My friend and accomplice from the previous year, Scoot, and her equally wayward room mate Mary had rented a small flat in town and me, Dave, and Donny used to visit them there. One dark winter evening we went down there with our Doyle House colleague George with whom we had been drinking and who was developing a love interest in Scoot. When we got there we encountered a scene of drunken debauchery as Scoot and Mary were entertaining a gang of Frat boys. It all got very emotional as it became evident that one of the Frat boys, a mouthy guy called Dan, dressed for some reason in a smart suit and matching Raglan rain coat, was also pursuing Scoot with similar intentions.

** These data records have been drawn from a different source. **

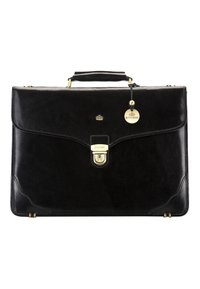 Schwarze Ledertasche mit strukturierter Form, ausgestattet mit einem goldfarbenen Verschluss, einem oberen Griff und einem kleinen Anhänger. Glatte Textur.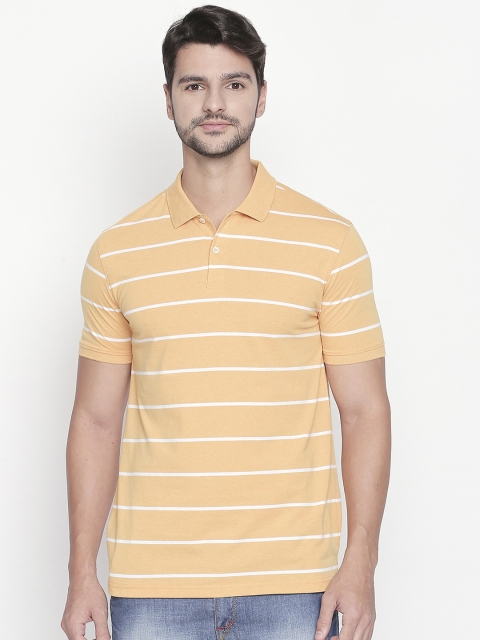 

BYFORD by Pantaloons Men Yellow Striped Polo Collar T-shirt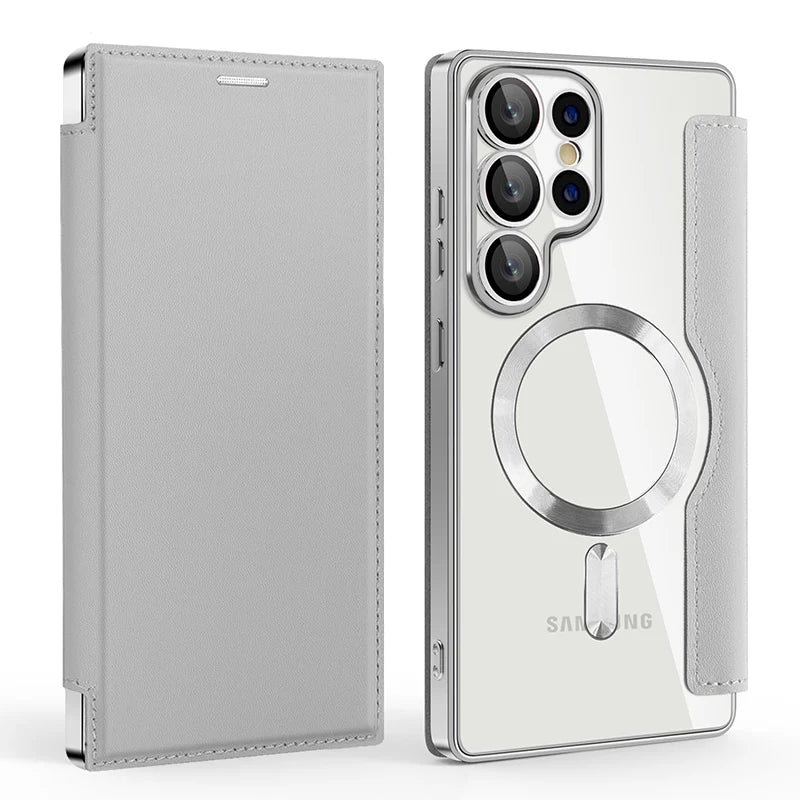 Flip Wallet Hülle aus Leder für Samsung Galaxy – magnetisch & Kartenfach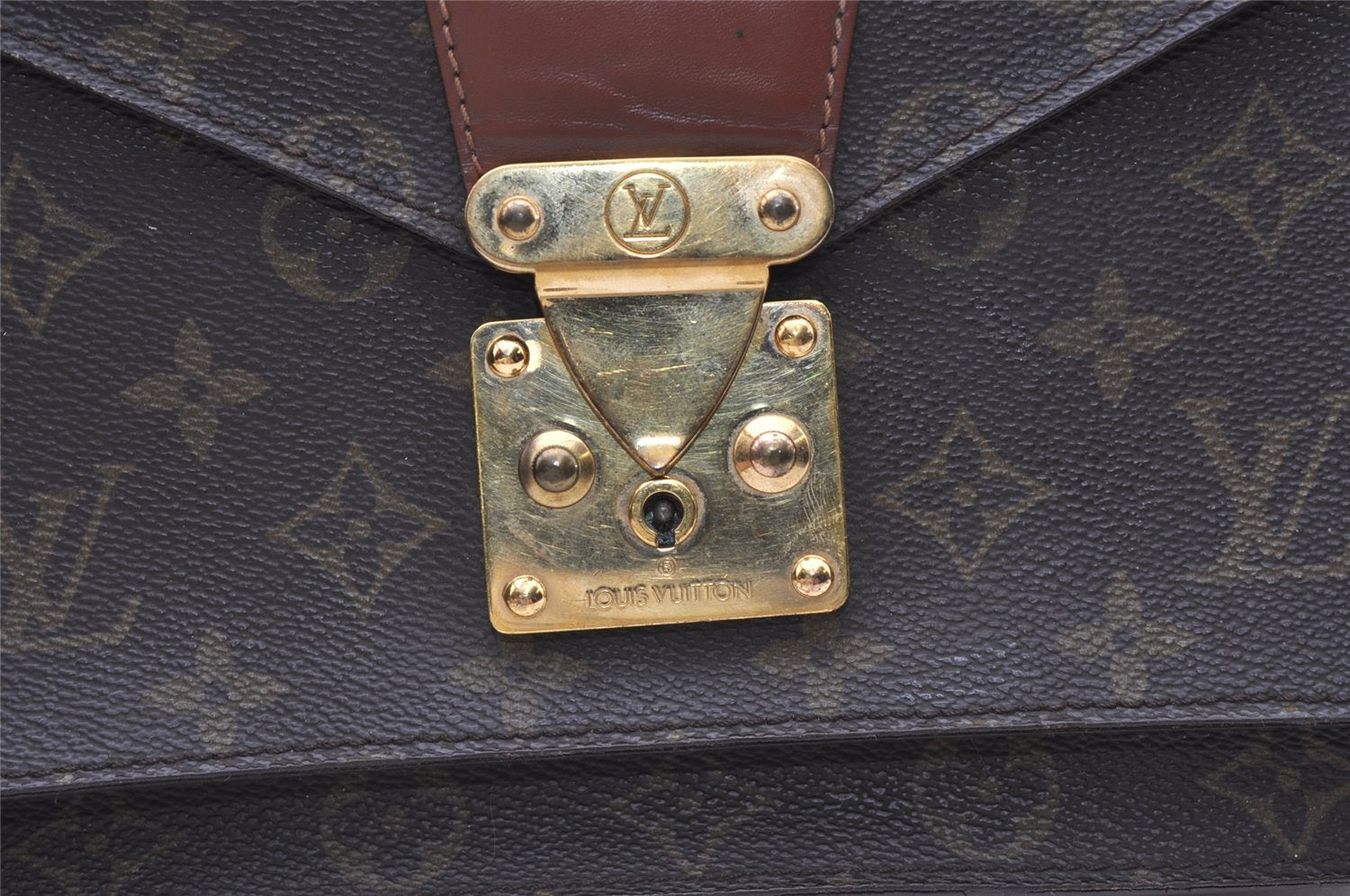 Authentic Louis Vuitton Monogram Monceau 2Way Shoulder Hand Bag M51185 LV 7666J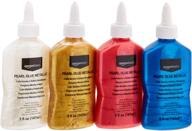 🌈 amazon basics glittery metallic glue, assorted colors, washable, 5-oz each, pack of 4 logo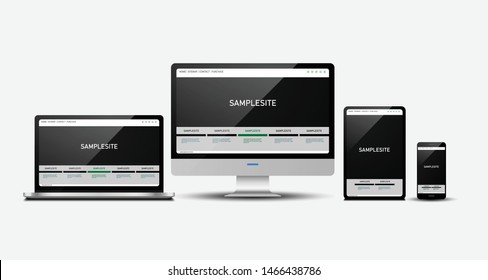 Realistic Computer, Laptop, Tablet and Mobile Phone with  Isolated. Set of Device Mockup. vector illustration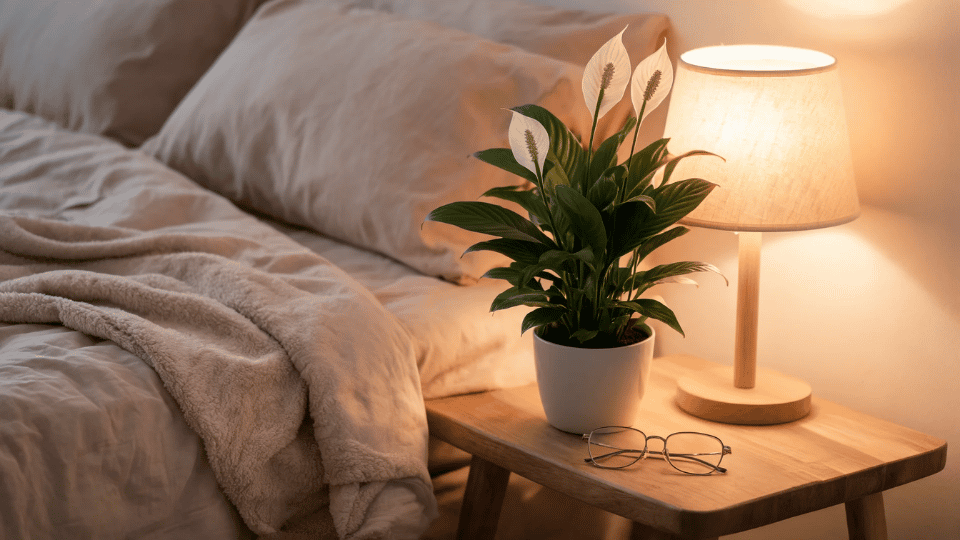 peace lily on a bedside stool with soft blush bedding, warm lamp light, notebook, and calm decor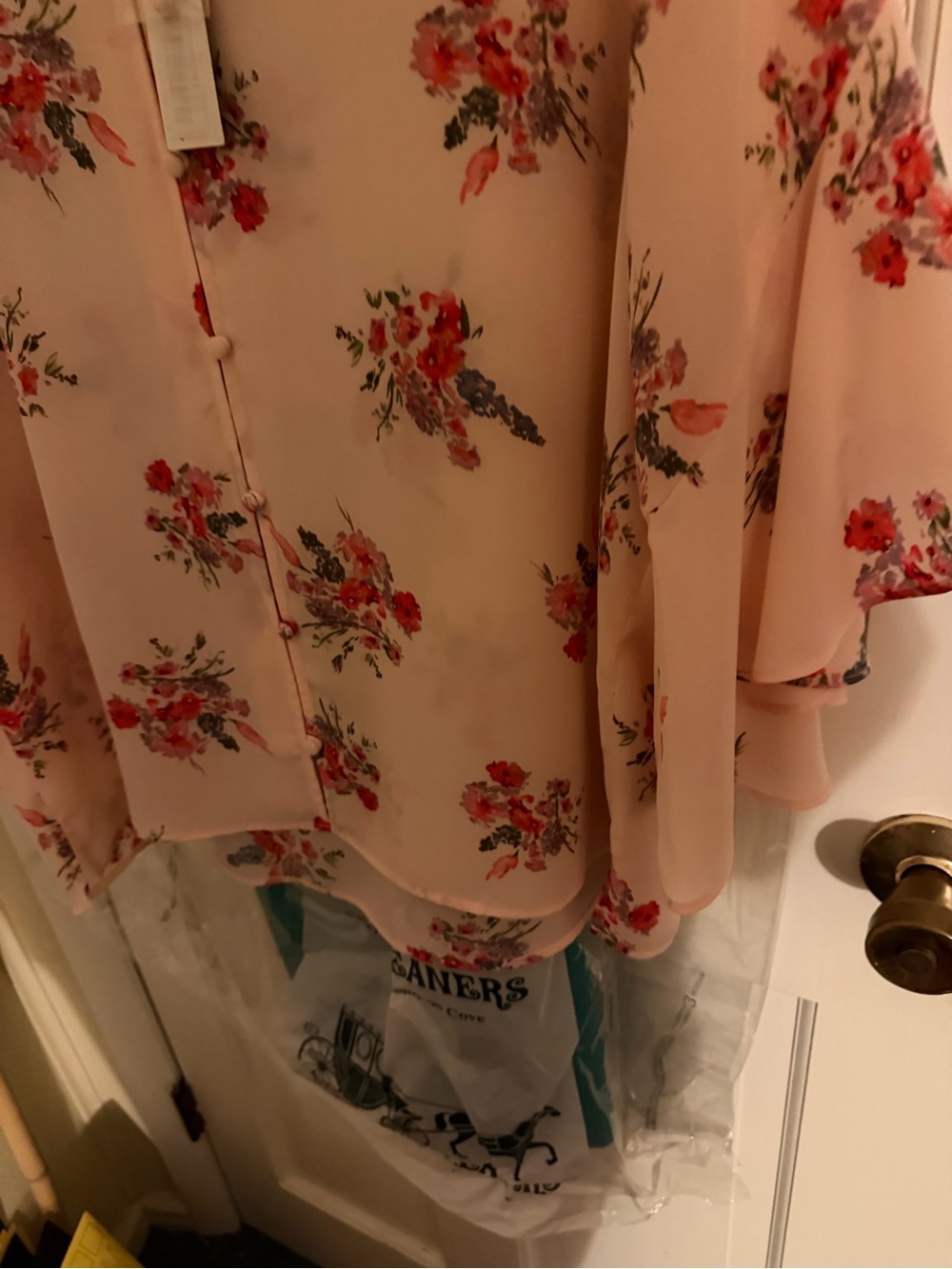 Soft Blush Floral Button-Down Blouse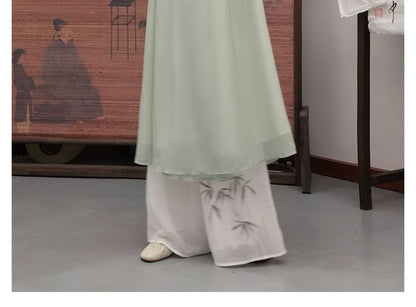 Traditional Chinese 3/4-Sleeve Midi A-Line Dress / Pants SpreePicky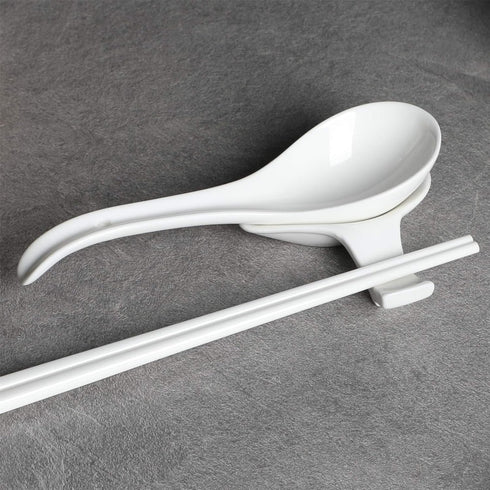 Asian Soup Spoons Set of 6, Ceramic Japanese Ramen Spoons, Dishwasher Safe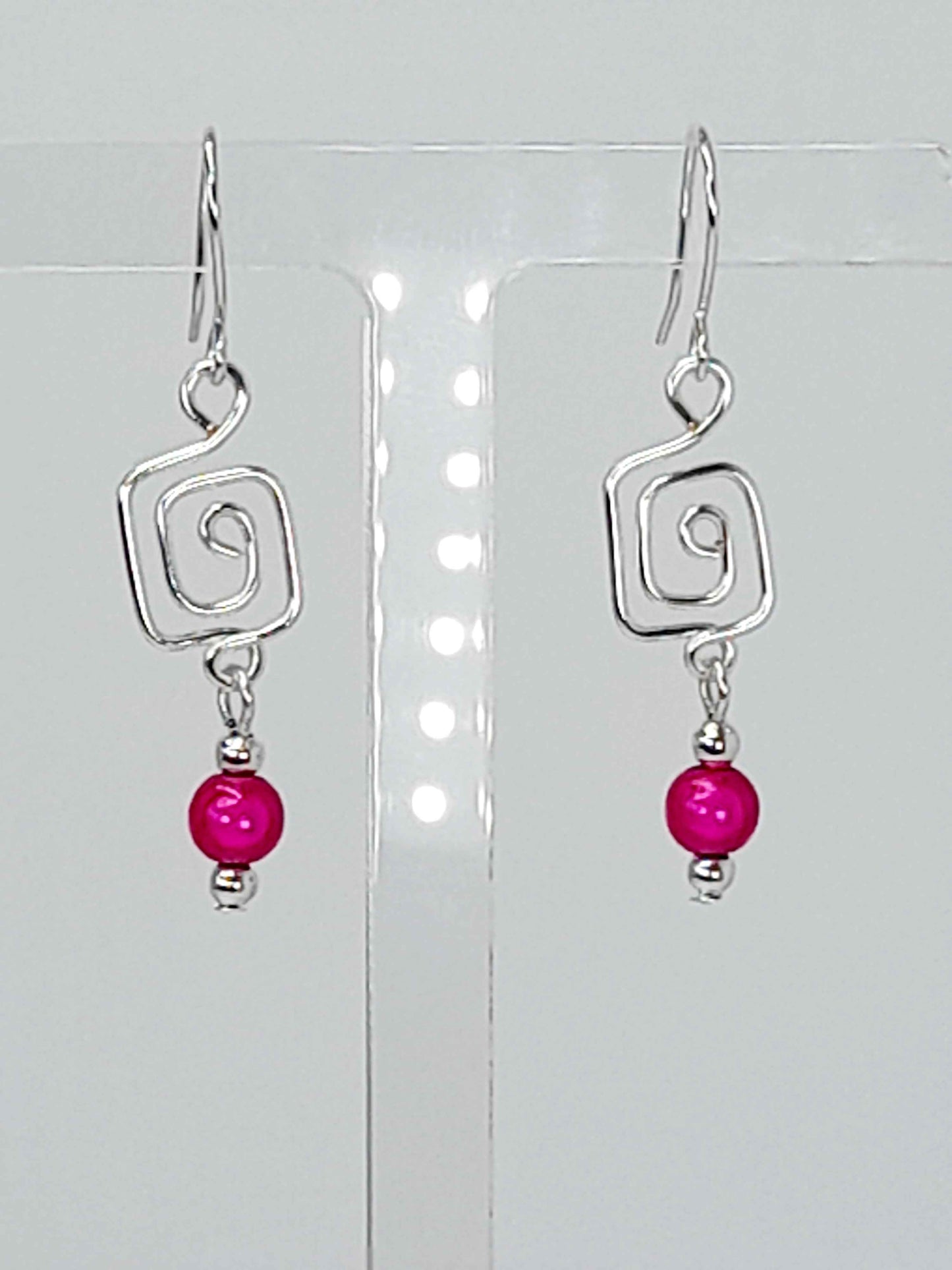 Dainty Silver & Hot Pink Square Spiral Earrings, Handmade, Lightweight & Pretty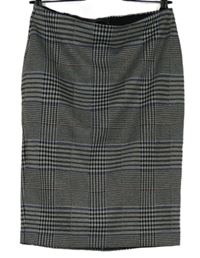 Dámska čierno-modro-biela kockovaná púzdrová sukňa M&S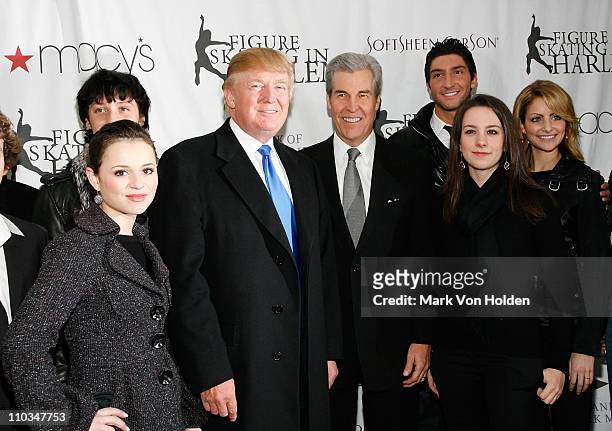 Sasha Cohen, Benefit donor Donald Trump, Terry Lundgren, Evan Lysacek, Sarah Hughes and Tanith Belbin attend the 2008 Skating with the Stars, Under...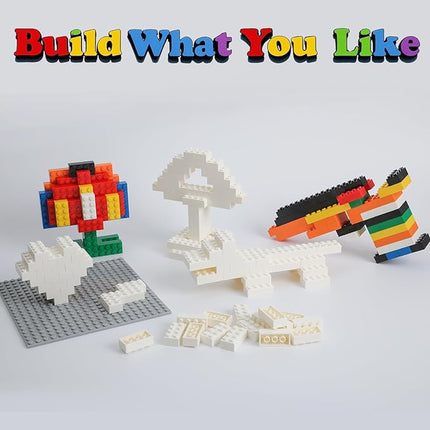 500 Piece Classic Building Bricks and 1 Gray Baseplate, 2x4 Bricks Bulk Creative Building Toys, Blocks Bulk for Kids Ages 6+, White(Samll Bricks, 1.25x0.62x0.47 in)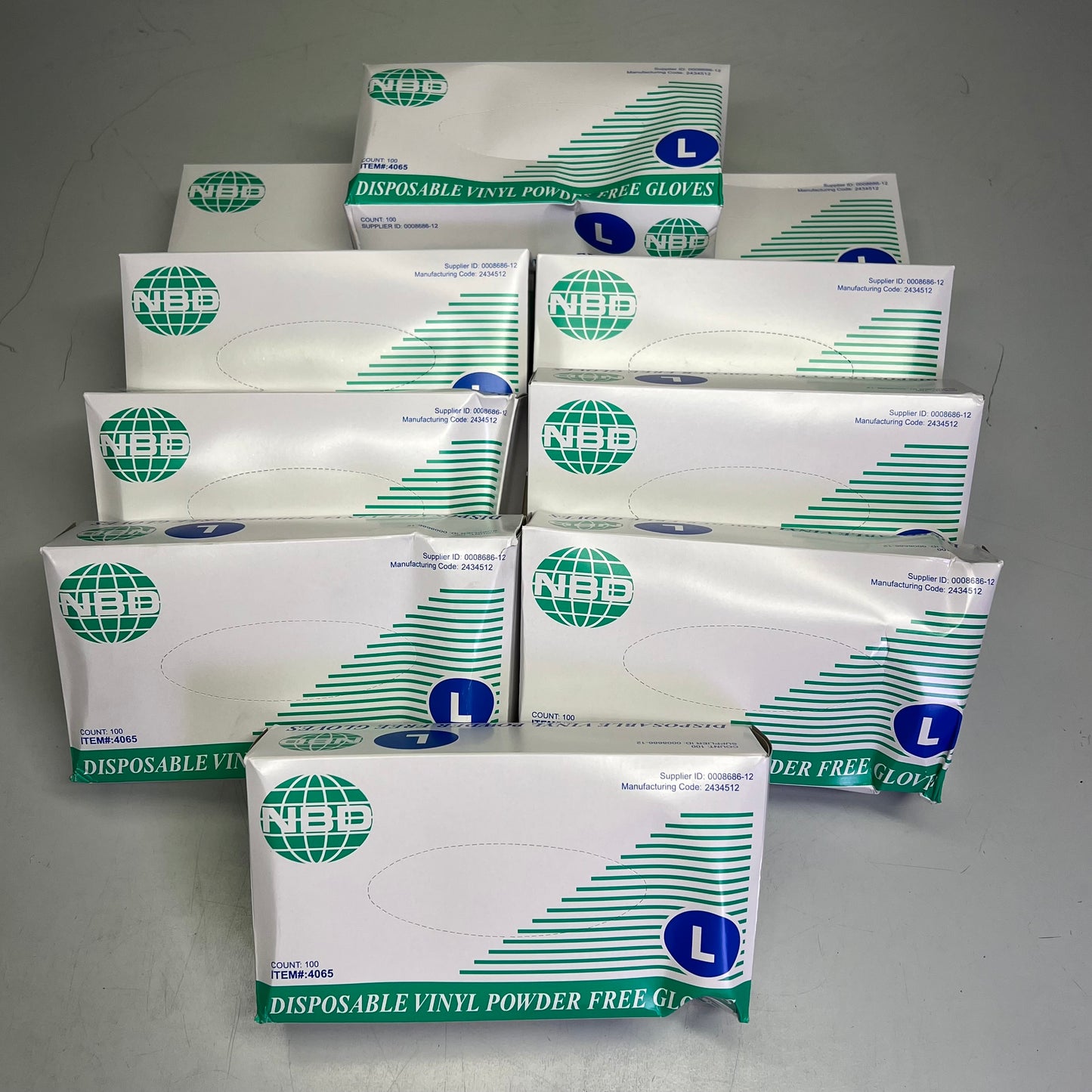 NBD (1 BOX, 10,000 EACH) Disposable Vinyl Powder Free Gloves Large Clear 4065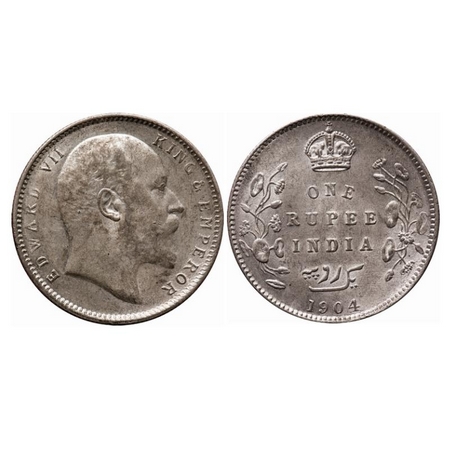 Edward VII, Silver, Rupee, 1904, Calcutta Mint, 5 Diamonds and bottom stroke of numeral 4 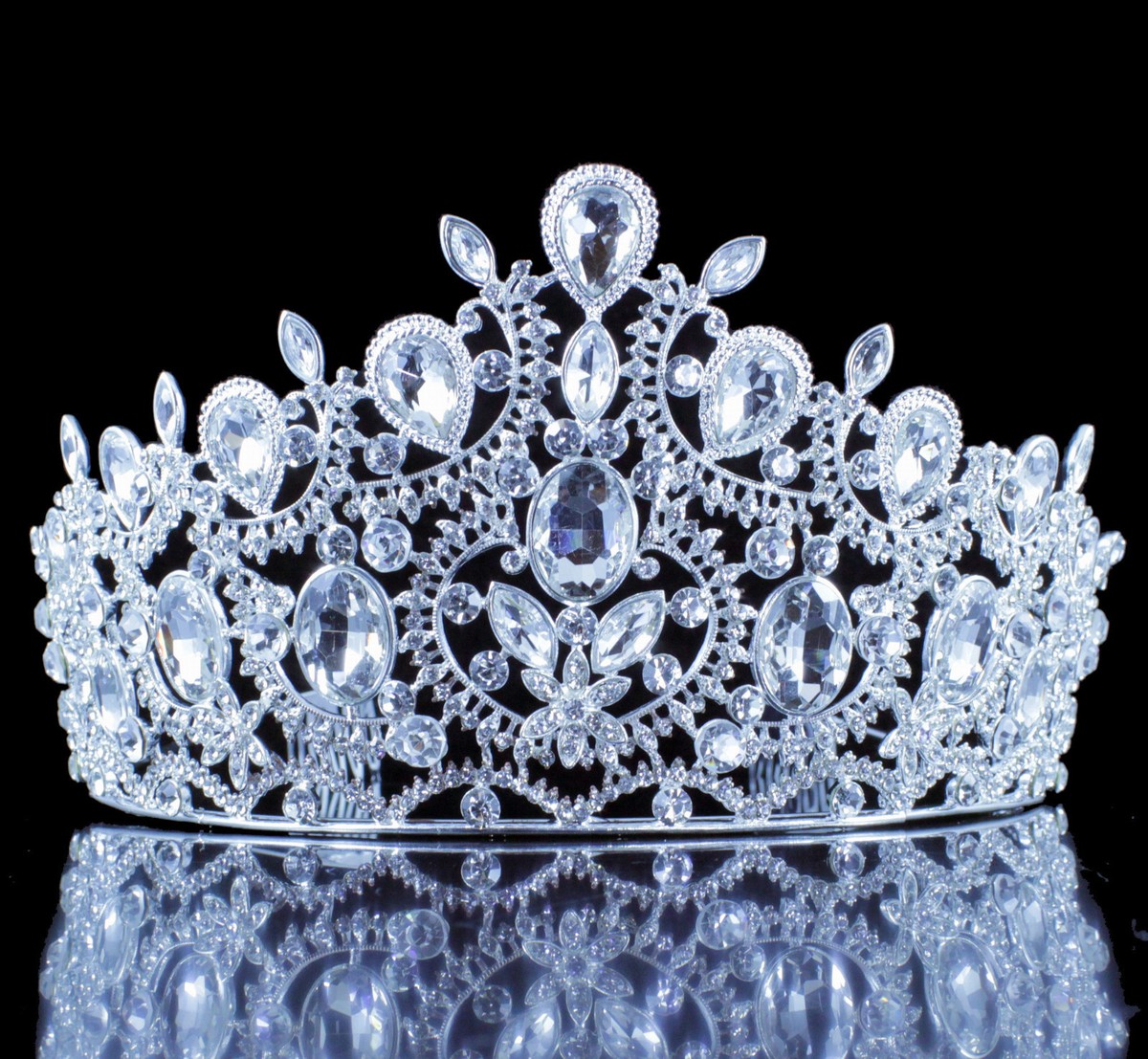 12 Crystal Tiaras Crowns with Combs Rhinestone Party Hair Accessories S7d1d1ccea1db4d5182521c586f73e  main image 2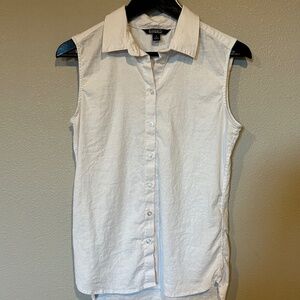 Nicole Miller White Linen Preowned Sleeveless Shirt Size Small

Dave, Donny, and I sat on a sofa behind a low coffee table and watched as a certain amount of loud talk ensued and Scoot retired to a back room in floods of tears. Dan and his mates were doing a “Now look what you've done” number, and Dan took it upon himself to go back “to see if she was okay”. George was remonstrating more and more loudly with Dan's Frat buddies who were now doing a “calm down, calm down” number. Outnumbered, George came and sat on the arm of the sofa with us, complaining that he should be able to go in and see his love “to see if she was okay” too.
Suddenly Dan reappeared, strode manfully up to the coffee table in front of us, cocked his polished shoe up on it and, leaning forward authoritatively on his upraised knee, looked down at us and said, “Scoot's really upset. I think you'd better leave.” There was a momentary stillness, and then, in a flash, George had jumped up and popped him straight in the chops. Dan keeled over with blood pouring from his nose and suddenly the room was alive with drunken punching heaving bodies. George was trying to follow up by kicking the shit out of Dan and the rest of the Frat boys leapt on George and we leapt on the Frat boys. The coffee table and a couple of chairs were the first casualties, followed quickly by bottles and glasses, as flurries of punches and lurching lapel grabs were punctuated by an incessant shrieking from the women folk who had now re-emerged from the back at the sound of all the breakage.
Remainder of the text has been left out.